The number sales with product breakdown follows the same distribution as the sales amount. This indicates the average ticket is similar for all products, as we saw before for the days of the week.


In [20]:
# Plot total sales per day period
df_sales_per_day_period = df.groupby("day_period")["money"].sum()

fig = px.bar(
    df_sales_per_day_period,
    title="Total sales per day period",
    labels={"day_period": "Day period", "value": "Sales"},
)
fig.update_layout(
    xaxis={
        "categoryorder": "array",
        "categoryarray": ["morning", "afternoon", "evening"],
    }
)
fig.show()

The coffee shop has a higher amount of sales in the afternoon, with $18,000.00 in total sales. In the morning the total sales amount is $15,000.00, and in the evening it is slightly lower with $14,000.00.


In [21]:
# Plot total sales per month period
df_sales_per_week_in_month = df.groupby("week_in_month")["money"].sum()

fig = px.bar(
    df_sales_per_week_in_month,
    title="Total sales per month period",
    labels={"week_in_month": "Month period", "value": "Sales"},
)
fig.show()

The best weeks to sell are the first and last weeks of the month, with total sales of **$11,000.00** and **$14,400.00**, respectively.
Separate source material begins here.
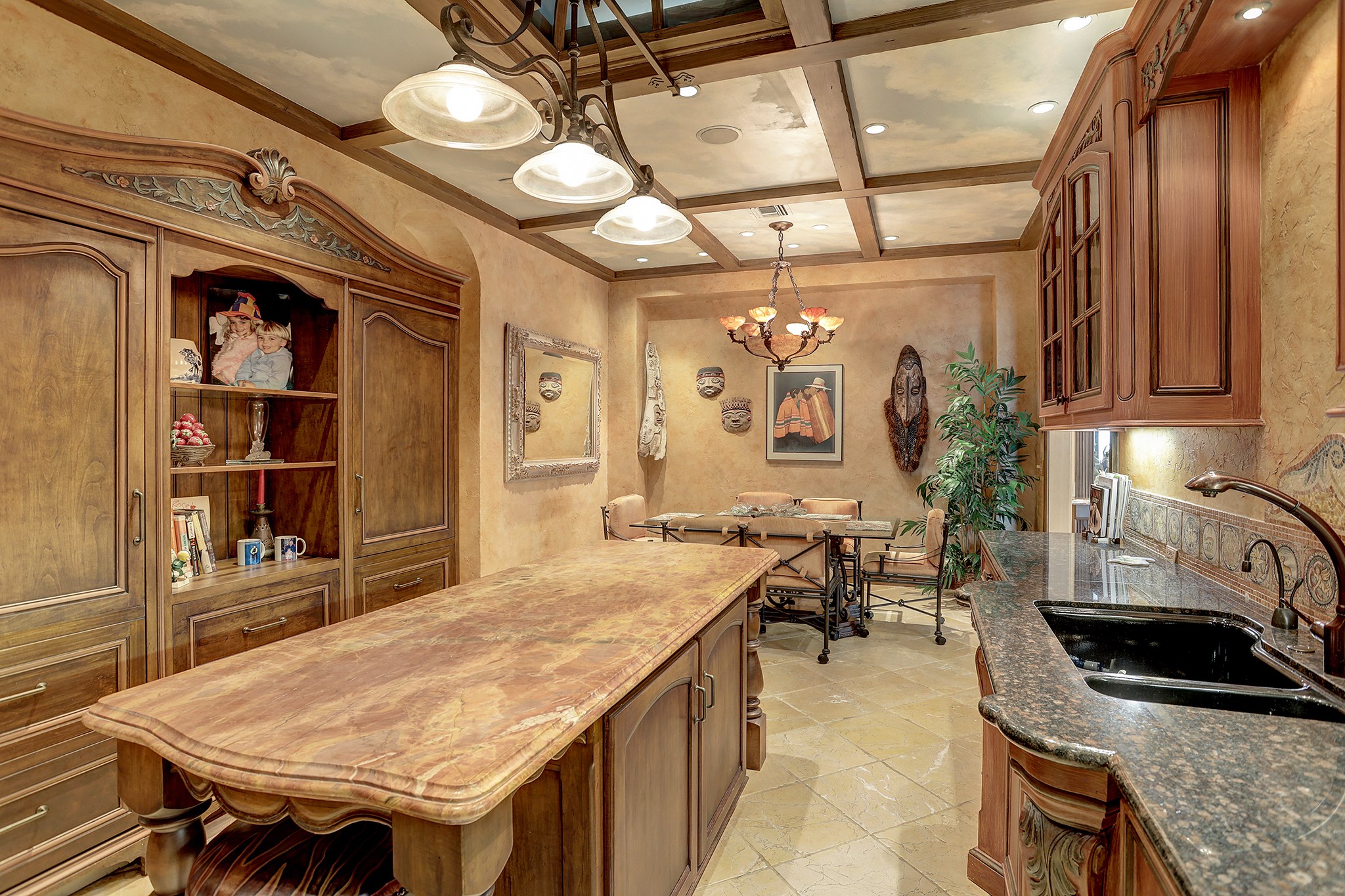 There is a refectory table-style island with marble deck, seating and storage.  The bull nose granite countertops have mosaic travertine tile backsplash with antique Italian mythological tile inserts.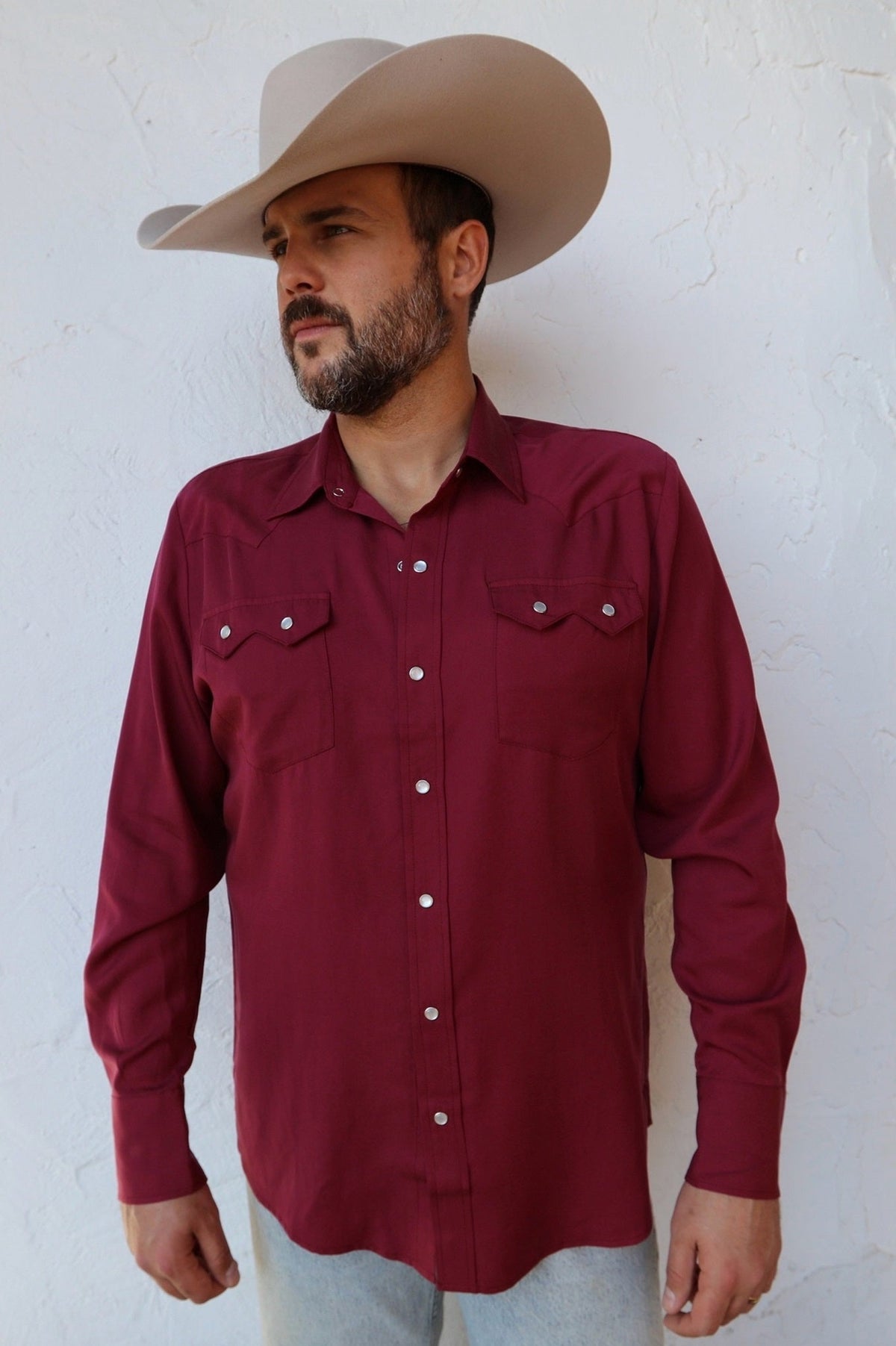 Man in a cowboy hat wearing the H Bar C Kansas City shirt in wine with sawtooth pockets and pearl snaps.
The second and third weeks have a lower amount of sales with **$10,000.00 each**. This indicates the coffee shop has a higher amount of sales at the beginning and end of the month.


In [22]:
# Plot total sales per month period with product breakdown
df_sales_per_week_in_month_coffee = df.groupby(["week_in_month", "coffee_name"])[
    "money"
].sum()
df_sales_per_week_in_month_coffee = df_sales_per_week_in_month_coffee.reset_index()

fig = px.bar(
    df_sales_per_week_in_month_coffee,
    x="week_in_month",
    y="money",
    color="coffee_name",
    title="Total sales per month period with product breakdown",
    labels={"week_in_month": "Month period", "money": "Sales"},
)
fig.show()

There is no clear pattern for products being sold by week of the month. Some products are sold more in the last week of the month, such as **Latte**, and others are sold more in the middle of the month, such as **Hot Chocolate**. This shows that we need to consider the week of the month to predict the sales of the products.